Apenas concluido este episodio me enfermé de tifoidea y tenía mareos y no podía levantarme y más blablablablabla… cuando entonces, una tarde (o mediodía) empecé a sentir un dolorcito diminutito en la espalda (en mi plumoncito izquierdo…) y muy pronto mamá desayunaba la noticia de que también me había enfermado de pulmonía y ya mucho menos me pude sentar en mi cama y como hasta la fecha me precio de que jamás he estado en ningún lecho de hospital creo que mi actitud de aquel entonces fue la más correcta, digna pero lastimera, pronto observé que era capaz de transmitir mi temor matizado por una suave sonrisa de hastío Harper’s Bazaar que la familia sabría agradecer conforme pasaron los años y cada vez que se sugería una sola palabra acerca de mi hipotético traslado al sanatorio yo reiteraba a punta de retortijones mi negativa a modificar el panorama oscuro y húmedo de mi habitación, restregaba mis uñitas en el cobertory fruncía el ceño antes de dormirme para despertar y enterarme que mi temperatura se había elevado, un día, o acababa de descender, a la siguiente tarde quizás, hasta que todo se calmó y empecé a recuperarme sin que nadie, empezando por mí, pusiera nada de sí para conseguirlo, pero incluso en esos momentos seguía sin poder levantarme y si hubiera tenido entre mis brazos a algún lindo peluchito lo habría acurrucado con mucha fuerza y cada vez que mi mami entrara a importunarme con los últimos detalles de mis enfermedades, le habría siseado con los labios cerrados y el índice derecho sobre ellos recordándole a mi vez que mi pequeña mascota (siempre muda, siempre a mi disposición) se encontraba profundamente dormida.
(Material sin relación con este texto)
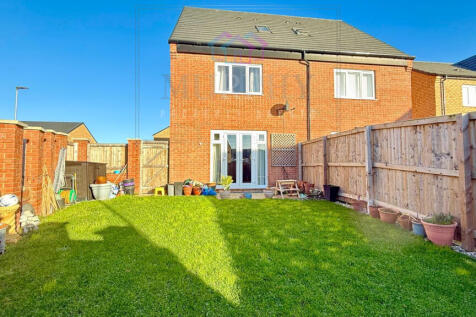 WhatsApp Image 2025-12-20 at 11.45.43 (3).jpeg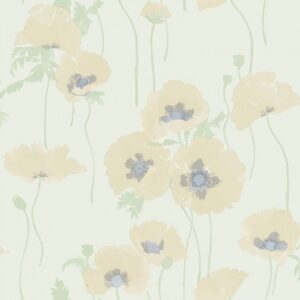 Papel de Parede A Maze AM22701 | Consultar disponibilidade do Produto |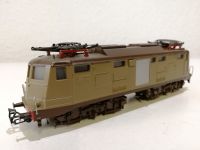 Märklin 3035 E-Lok E424 der FS Niedersachsen - Braunschweig Vorschau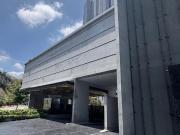 Departamento en Venta, Zereniti Residencial, 3 Recamaras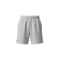 Short Lacoste T9 FLEECE Junior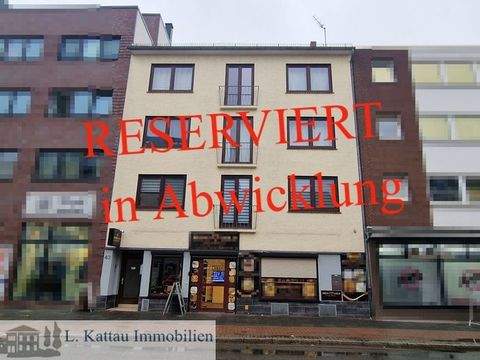 Bremen Häuser, Bremen Haus kaufen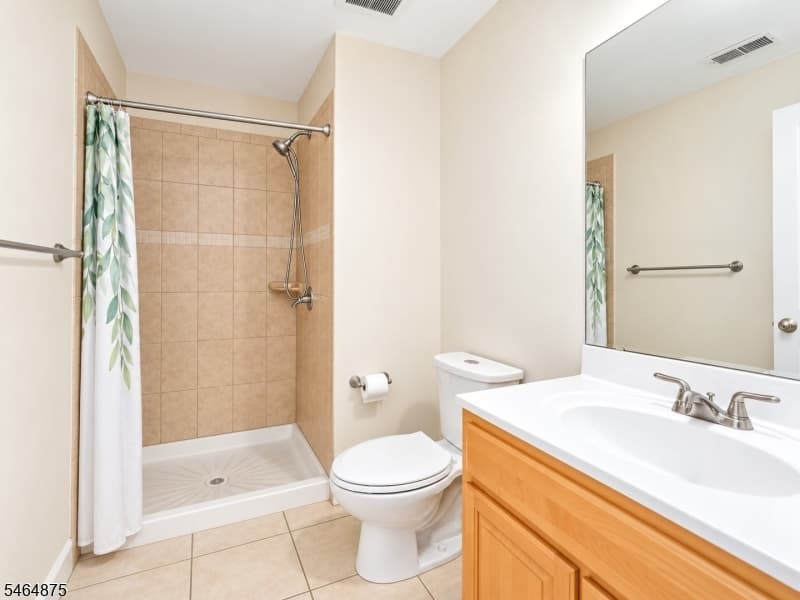178B Front St, Elizabeth City photo 5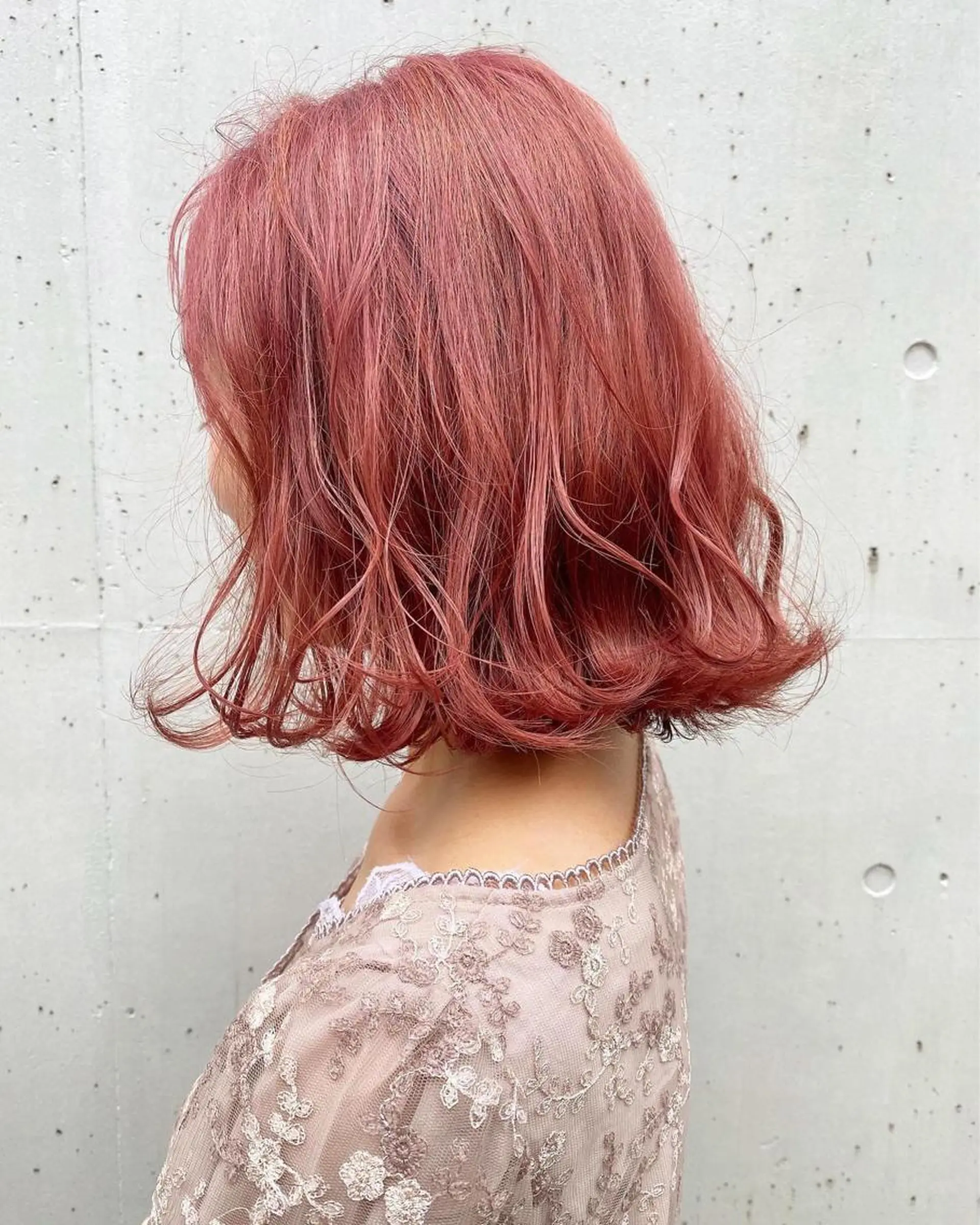 ショート カラー ヘアアレンジ メンズ 【池袋/スパイキー ショート】ⓝⓘⓜⓤのヘアスタイル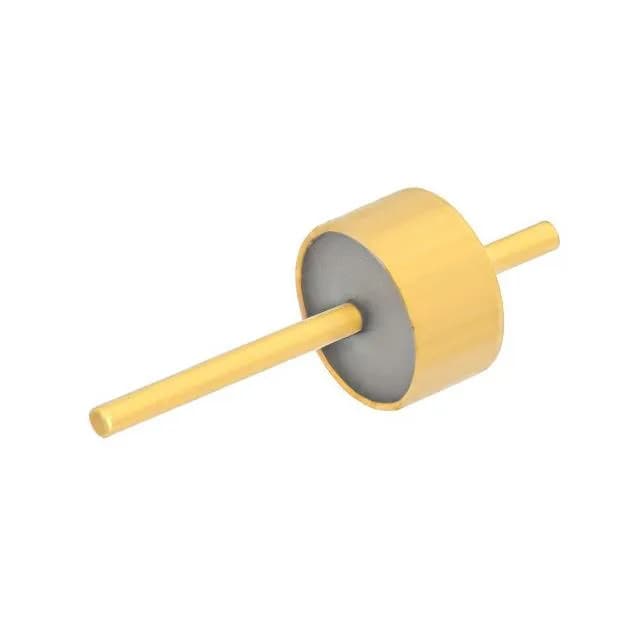 PE1001-2 — Pasternack product photo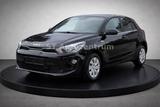 Kia Rio 1.0 Automatik*Klima*SH*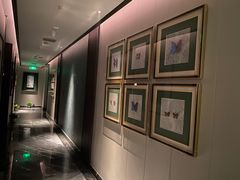 -和子足浴SPA会馆(东方之门店)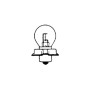 MARSRV03SISTEMIIMGSGR200401.jpg LAMPADA HERT CICLOMOTORE 6V-15W P26S (C10)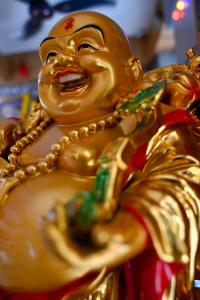 hotel adiraj residency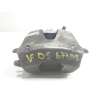 Recambio de pinza freno delantera izquierda para seat ibiza v (kj1, kjg) 1.0 mpi referencia OEM IAM  2Q0615105AH 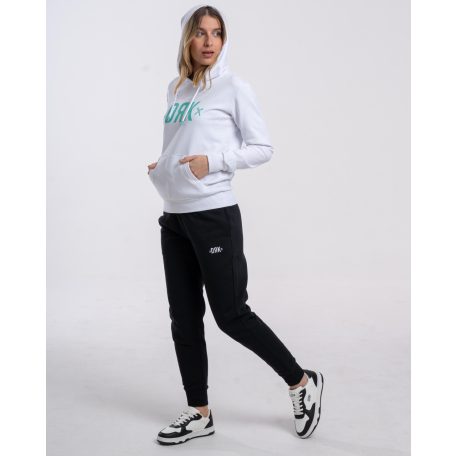 Dorko női pulóver-Pear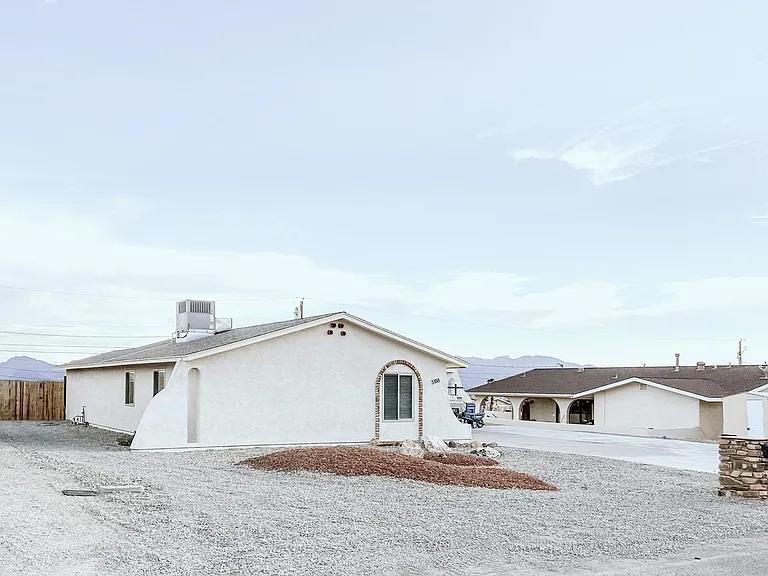 3188 Silver Bell Dr — Photo 8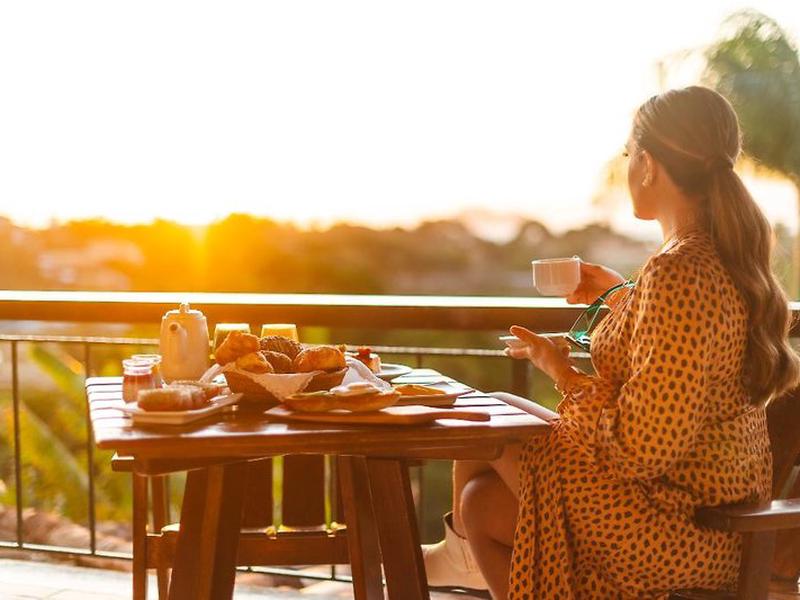 DBCA20E1D121FA5824D3E4E131CCABB3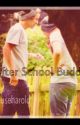 After School Buddy (Larry Stylinson fanfic) by becauseharoldx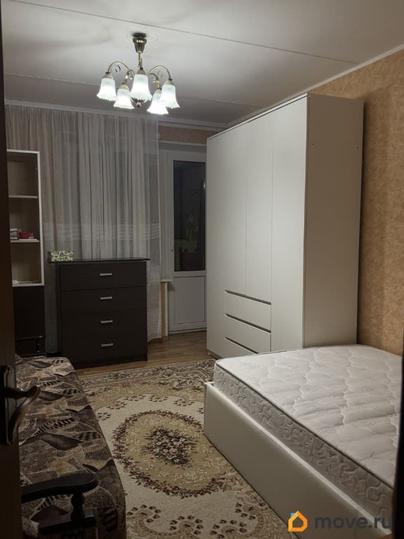 комната, 15 м&sup2;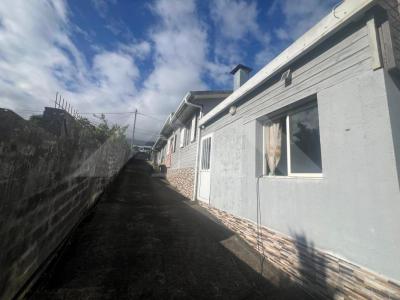 Vente Maison SAINT-JOSEPH 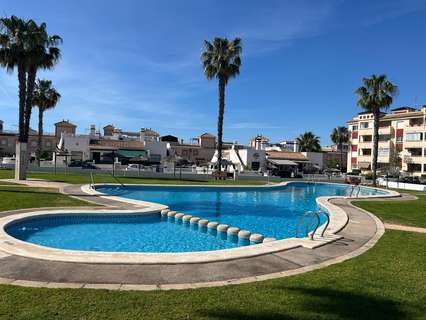Apartamento en venta en Orihuela zona Orihuela-Costa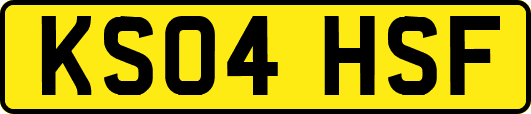 KS04HSF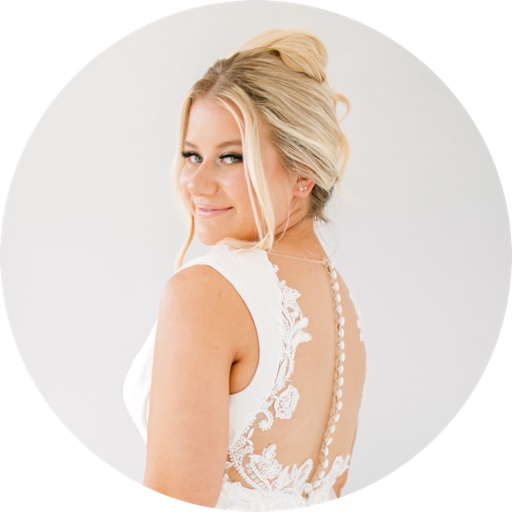 BrandedbyBrooks on LTK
Y mientras todo eso pasaba, el mundo se movía y la gente moría y de pronto me sublevaba la idea de que en varias partes del planeta había personas hermosas bajando escaleras con elegancia, tomando Diet Pepsi en una estación del metro, luciendo sudaderas color turquesa con cuello de tortuga, disparando el frasco de perfume de Ungaro o Givenchy bajo sus orejas, disparando el flash de ochocientas cámaras fotográficas bajo el manto de la canción más triste de todos los tiempos, abriendo latas de coctel de frutitas Del Monte y pisando el césped oloroso de una madrugada a punto de llenarse de nubes. Y yo empecé a recuperarme de la fiebre alta justo cuando había decidido no volver a salir de mis dos edredones con olor a té de limón con jarabe de gordolobo.